PROBLEM REQUIREMENTS >> Could you output each line below exactly as it appears, excluding any pictures?

GIVEN MATERIAL >>
□ □ □

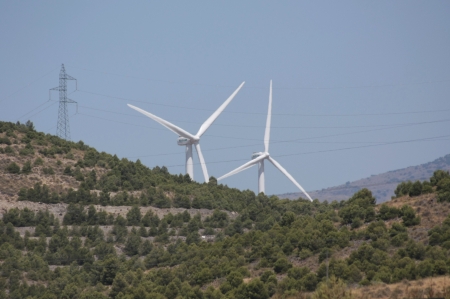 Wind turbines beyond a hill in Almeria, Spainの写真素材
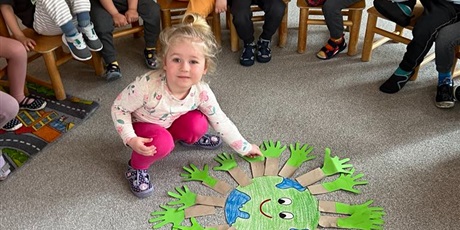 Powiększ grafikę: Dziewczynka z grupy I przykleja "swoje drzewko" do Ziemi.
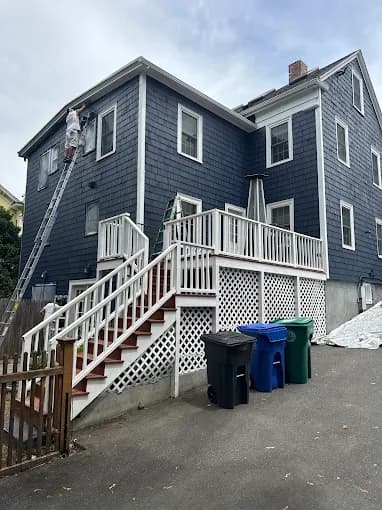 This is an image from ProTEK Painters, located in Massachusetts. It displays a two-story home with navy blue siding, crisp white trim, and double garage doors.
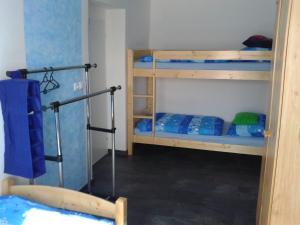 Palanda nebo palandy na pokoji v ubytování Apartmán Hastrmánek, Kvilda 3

□ □ □

RESPONSE TO THIS TASK >>
 Wind turbines beyond a hill in Almeria, Spainの写真素材
 Powiększ grafikę: Dziewczynka z grupy I przykleja "swoje drzewko" do Ziemi.
 This is an image from ProTEK Painters, located in Massachusetts. It displays a two-story home with navy blue siding, crisp white trim, and double garage doors.
 Palanda nebo palandy na pokoji v ubytování Apartmán Hastrmánek, Kvilda 3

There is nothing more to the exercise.